Pour un parent en deuil, écrire est un moyen de dire ce qui n’était peut-être pas possible d’exprimer avant, de faire son deuil. Voici quelques livres qui relatent la mort d’un enfant, chacun à leur manière. 

Marie Laberge, « Ceux qui restent » (Editions Martha Inc./ Stock)

Le propos : Combien de gens sont touchés, atteints en plein cœur quand quelqu’un se suicide ? Combien de blessures sont infligées à ceux qui restent? Personne n’en sort indemne. Charlène, Vincent, Mélanie, Stéphane, Muguette… tous brisés, freinés dans leur vitalité par la mort brutale de Sylvain. Chacun réagit à sa façon. Chacun se bat comme il peut, avec les armes dont il dispose. La violence du geste suicidaire se répercute longtemps dans leur existence. Mais la vie est forte. 

Le plus : Roman d’action empreint d’émotion, de réflexions sur la vie, roman d’une profonde humanité, Ceux qui restent fait entendre des personnages puissants et attachants. Malgré la dureté des faits évoqués, ce roman est avant tout centré sur ceux dont on parle si peu et qu’on laisse seuls devant l’innommable et l’insupportable. Depuis quarante ans, la canadienne Marie Laberge sonde les profondeurs de l’âme humaine.

Anna McPartlin, « Les derniers jours de Rabbit Hayes » (Editions du Cherche-Midi)

Le propos : Quand Mia, surnommée affectueusement Rabbit, entre en maison de repos, elle n’a plus que neuf jours à vivre. Tous ses proches sont présents à ses côtés pour la soutenir. Jack et Molly, ses parents, incapables de dire adieu à leur enfant, Davey et Grace, son frère et sa sœur, qui la considèrent toujours comme la petite dernière de la famille, Juliet, sa fille de 12 ans qu’elle élève seule, et enfin Marjorie, sa meilleure amie et confidente. Au fur et à mesure que les jours passent et que l’espoir de la sauver s’amenuise, sa famille et ses amis sont amenés à s’interroger sur leur vie et la manière dont ils vont continuer sans celle qui leur apporte tant. Car, si Rabbit a elle-même perdu la bataille, celle-ci ne fait que commencer pour son entourage.

Le plus : Anna McPartlin nous fait partager ces neuf journées si spéciales dans la vie de Rabbit et de ses proches. Mélancolique et drolatique à la fois, Les Derniers Jours de Rabbit Hayes nous entraîne dans un voyage émotionnel intense. À travers une galerie de personnages touchants, ce récit sur le deuil déborde d’un optimisme rare.

Sophie Daull, « Camille mon envolée » (Philippe Rey)

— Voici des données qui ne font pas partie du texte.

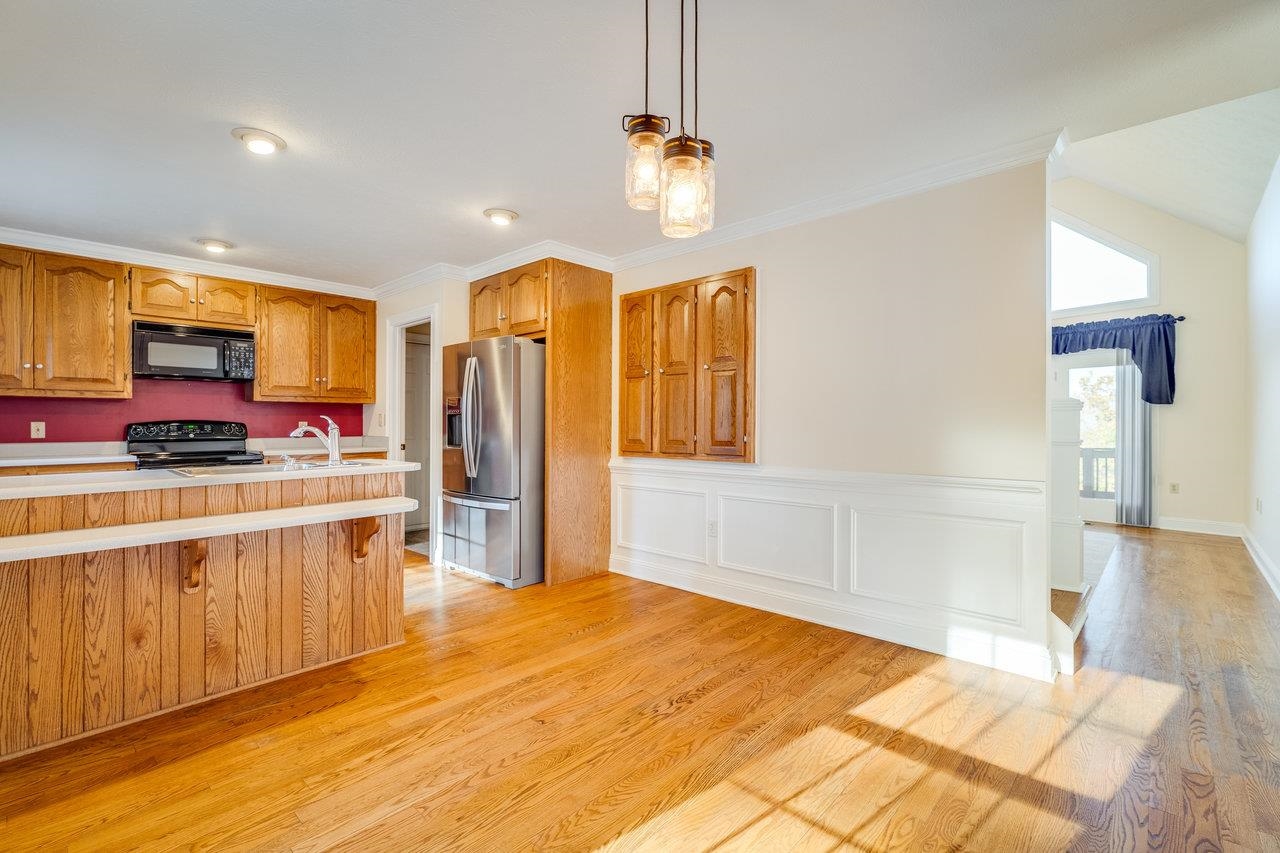 415 KNOB RD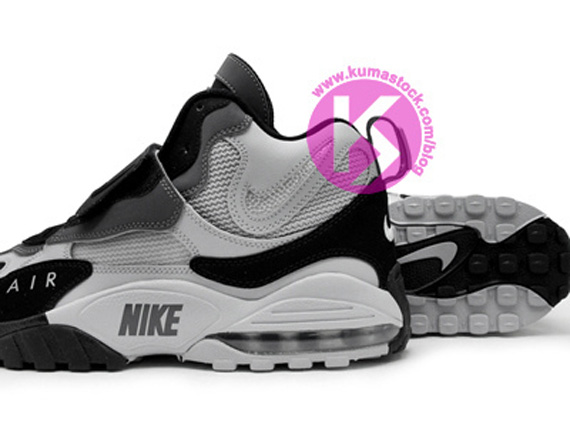 Nike Air Speed Turf Max Raiders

Le propos : Dans les semaines qui ont suivi la mort de sa fille Camille, 16 ans, emportée une veille de Noël après quatre jours d’une fièvre sidérante, Sophie Daull a commencé à écrire. Écrire pour ne pas oublier Camille, son regard « franc, droit, lumineux », les moments de complicité, les engueulades, les fous rires ; l’après, le vide, l’organisation des adieux, les ados qu’il faut consoler, les autres dont les gestes apaisent... 

Le plus : Comédienne d’origine, « Camille mon envolée » est le premier roman de Sophie Daull. Outre le thème tragique qu’est la perte d’un enfant, Sophie Daull emmène son lecteur dans le combat d’une mère qui tente de se reconstruire… son combat. Pourtant elle ne tombe pas dans le mélodramatique, son livre devient l’endroit qu’elle partage avec sa fille, sa fille et ses lecteurs.

Philippe Delaroche, « La gloire d’Inès » (Stock)

Le propos : Inès, la fille de l’auteur, a péri dans un incendie en plein Paris. Sept ans plus tard, Philippe Delaroche décide de prendre la plume pour faire mémoire de la jeune fille qu’elle était, de « reprendre la conversation que sa mort n’a pas interrompue ». L’écrivain décrit cet évènement comme n’étant pas l’évènement capital, mais qui lui ait été donné de la voir naître, exister, s’exprimer, et qu’en la glorifiant finisse par filtrer le sentiment mystérieux de sa présence.

Le plus: Après deux romans et le Dictionnaire de l’adolescence, le journaliste et écrivain s’illustre avec un livre plein d’émotion. L’auteur puise dans l'art, la philosophie, la littérature afin d'évoquer son deuil et la personnalité de sa fille, décédée dans un incendie en 2009.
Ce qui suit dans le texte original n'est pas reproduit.